[Short descriptive text snippets]

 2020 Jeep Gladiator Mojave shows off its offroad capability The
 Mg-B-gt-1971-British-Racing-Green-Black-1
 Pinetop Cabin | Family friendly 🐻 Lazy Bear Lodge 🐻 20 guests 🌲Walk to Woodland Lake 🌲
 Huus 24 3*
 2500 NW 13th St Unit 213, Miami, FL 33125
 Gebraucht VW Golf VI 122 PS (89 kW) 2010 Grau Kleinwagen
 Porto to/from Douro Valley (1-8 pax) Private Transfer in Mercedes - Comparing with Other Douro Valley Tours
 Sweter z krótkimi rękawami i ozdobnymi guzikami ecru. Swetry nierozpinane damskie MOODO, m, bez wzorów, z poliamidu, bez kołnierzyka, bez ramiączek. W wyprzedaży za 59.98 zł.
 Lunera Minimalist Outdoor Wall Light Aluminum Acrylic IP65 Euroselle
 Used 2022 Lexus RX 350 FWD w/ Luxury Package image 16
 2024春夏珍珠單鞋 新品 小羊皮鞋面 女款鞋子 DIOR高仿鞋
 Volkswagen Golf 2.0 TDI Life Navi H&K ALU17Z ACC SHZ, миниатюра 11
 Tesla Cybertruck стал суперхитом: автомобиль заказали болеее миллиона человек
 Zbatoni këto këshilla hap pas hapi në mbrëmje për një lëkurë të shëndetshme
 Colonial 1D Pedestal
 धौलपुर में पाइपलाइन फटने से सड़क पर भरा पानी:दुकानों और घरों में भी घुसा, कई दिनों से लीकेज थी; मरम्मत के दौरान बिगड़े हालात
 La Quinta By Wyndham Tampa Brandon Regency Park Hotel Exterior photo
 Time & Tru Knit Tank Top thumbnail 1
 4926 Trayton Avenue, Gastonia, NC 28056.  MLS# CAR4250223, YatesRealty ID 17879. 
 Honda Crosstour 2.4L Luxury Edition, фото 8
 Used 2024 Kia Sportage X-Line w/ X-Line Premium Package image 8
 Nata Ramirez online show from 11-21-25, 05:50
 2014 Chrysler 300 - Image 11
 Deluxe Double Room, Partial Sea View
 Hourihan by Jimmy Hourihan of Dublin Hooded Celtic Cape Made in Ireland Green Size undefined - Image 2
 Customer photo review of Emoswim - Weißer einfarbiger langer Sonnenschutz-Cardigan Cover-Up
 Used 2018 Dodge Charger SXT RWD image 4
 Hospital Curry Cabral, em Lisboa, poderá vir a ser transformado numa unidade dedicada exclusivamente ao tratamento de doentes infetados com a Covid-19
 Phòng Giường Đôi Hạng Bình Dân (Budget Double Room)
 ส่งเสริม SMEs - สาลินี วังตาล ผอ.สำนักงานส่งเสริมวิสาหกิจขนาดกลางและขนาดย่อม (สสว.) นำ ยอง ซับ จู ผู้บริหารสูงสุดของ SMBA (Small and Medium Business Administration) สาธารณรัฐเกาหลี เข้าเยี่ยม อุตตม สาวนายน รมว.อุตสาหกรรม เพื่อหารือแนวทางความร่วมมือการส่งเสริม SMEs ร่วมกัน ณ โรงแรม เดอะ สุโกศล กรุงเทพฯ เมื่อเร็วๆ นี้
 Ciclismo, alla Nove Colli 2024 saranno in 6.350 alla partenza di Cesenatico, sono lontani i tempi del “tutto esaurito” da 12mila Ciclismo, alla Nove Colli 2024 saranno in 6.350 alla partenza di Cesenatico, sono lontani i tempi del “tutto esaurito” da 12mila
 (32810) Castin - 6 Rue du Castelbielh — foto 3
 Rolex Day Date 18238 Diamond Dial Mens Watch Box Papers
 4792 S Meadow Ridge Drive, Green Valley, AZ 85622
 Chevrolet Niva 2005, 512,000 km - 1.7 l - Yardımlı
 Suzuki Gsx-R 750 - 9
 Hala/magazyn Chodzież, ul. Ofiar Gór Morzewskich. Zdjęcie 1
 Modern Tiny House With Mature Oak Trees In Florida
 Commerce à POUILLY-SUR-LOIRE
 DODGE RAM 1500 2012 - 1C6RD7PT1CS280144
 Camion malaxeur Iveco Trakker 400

REQUIREMENT: A verbatim restatement of all the entries above is required.

ANSWER:
 2020 Jeep Gladiator Mojave shows off its offroad capability The
 Mg-B-gt-1971-British-Racing-Green-Black-1
 Pinetop Cabin | Family friendly 🐻 Lazy Bear Lodge 🐻 20 guests 🌲Walk to Woodland Lake 🌲
 Huus 24 3*
 2500 NW 13th St Unit 213, Miami, FL 33125
 Gebraucht VW Golf VI 122 PS (89 kW) 2010 Grau Kleinwagen
 Porto to/from Douro Valley (1-8 pax) Private Transfer in Mercedes - Comparing with Other Douro Valley Tours
 Sweter z krótkimi rękawami i ozdobnymi guzikami ecru. Swetry nierozpinane damskie MOODO, m, bez wzorów, z poliamidu, bez kołnierzyka, bez ramiączek. W wyprzedaży za 59.98 zł.
 Lunera Minimalist Outdoor Wall Light Aluminum Acrylic IP65 Euroselle
 Used 2022 Lexus RX 350 FWD w/ Luxury Package image 16
 2024春夏珍珠單鞋 新品 小羊皮鞋面 女款鞋子 DIOR高仿鞋
 Volkswagen Golf 2.0 TDI Life Navi H&K ALU17Z ACC SHZ, миниатюра 11
 Tesla Cybertruck стал суперхитом: автомобиль заказали болеее миллиона человек
 Zbatoni këto këshilla hap pas hapi në mbrëmje për një lëkurë të shëndetshme
 Colonial 1D Pedestal
 धौलपुर में पाइपलाइन फटने से सड़क पर भरा पानी:दुकानों और घरों में भी घुसा, कई दिनों से लीकेज थी; मरम्मत के दौरान बिगड़े हालात
 La Quinta By Wyndham Tampa Brandon Regency Park Hotel Exterior photo
 Time & Tru Knit Tank Top thumbnail 1
 4926 Trayton Avenue, Gastonia, NC 28056.  MLS# CAR4250223, YatesRealty ID 17879. 
 Honda Crosstour 2.4L Luxury Edition, фото 8
 Used 2024 Kia Sportage X-Line w/ X-Line Premium Package image 8
 Nata Ramirez online show from 11-21-25, 05:50
 2014 Chrysler 300 - Image 11
 Deluxe Double Room, Partial Sea View
 Hourihan by Jimmy Hourihan of Dublin Hooded Celtic Cape Made in Ireland Green Size undefined - Image 2
 Customer photo review of Emoswim - Weißer einfarbiger langer Sonnenschutz-Cardigan Cover-Up
 Used 2018 Dodge Charger SXT RWD image 4
 Hospital Curry Cabral, em Lisboa, poderá vir a ser transformado numa unidade dedicada exclusivamente ao tratamento de doentes infetados com a Covid-19
 Phòng Giường Đôi Hạng Bình Dân (Budget Double Room)
 ส่งเสริม SMEs - สาลินี วังตาล ผอ.สำนักงานส่งเสริมวิสาหกิจขนาดกลางและขนาดย่อม (สสว.) นำ ยอง ซับ จู ผู้บริหารสูงสุดของ SMBA (Small and Medium Business Administration) สาธารณรัฐเกาหลี เข้าเยี่ยม อุตตม สาวนายน รมว.อุตสาหกรรม เพื่อหารือแนวทางความร่วมมือการส่งเสริม SMEs ร่วมกัน ณ โรงแรม เดอะ สุโกศล กรุงเทพฯ เมื่อเร็วๆ นี้
 Ciclismo, alla Nove Colli 2024 saranno in 6.350 alla partenza di Cesenatico, sono lontani i tempi del “tutto esaurito” da 12mila Ciclismo, alla Nove Colli 2024 saranno in 6.350 alla partenza di Cesenatico, sono lontani i tempi del “tutto esaurito” da 12mila
 (32810) Castin - 6 Rue du Castelbielh — foto 3
 Rolex Day Date 18238 Diamond Dial Mens Watch Box Papers
 4792 S Meadow Ridge Drive, Green Valley, AZ 85622
 Chevrolet Niva 2005, 512,000 km - 1.7 l - Yardımlı
 Suzuki Gsx-R 750 - 9
 Hala/magazyn Chodzież, ul. Ofiar Gór Morzewskich. Zdjęcie 1
 Modern Tiny House With Mature Oak Trees In Florida
 Commerce à POUILLY-SUR-LOIRE
 DODGE RAM 1500 2012 - 1C6RD7PT1CS280144
 Camion malaxeur Iveco Trakker 400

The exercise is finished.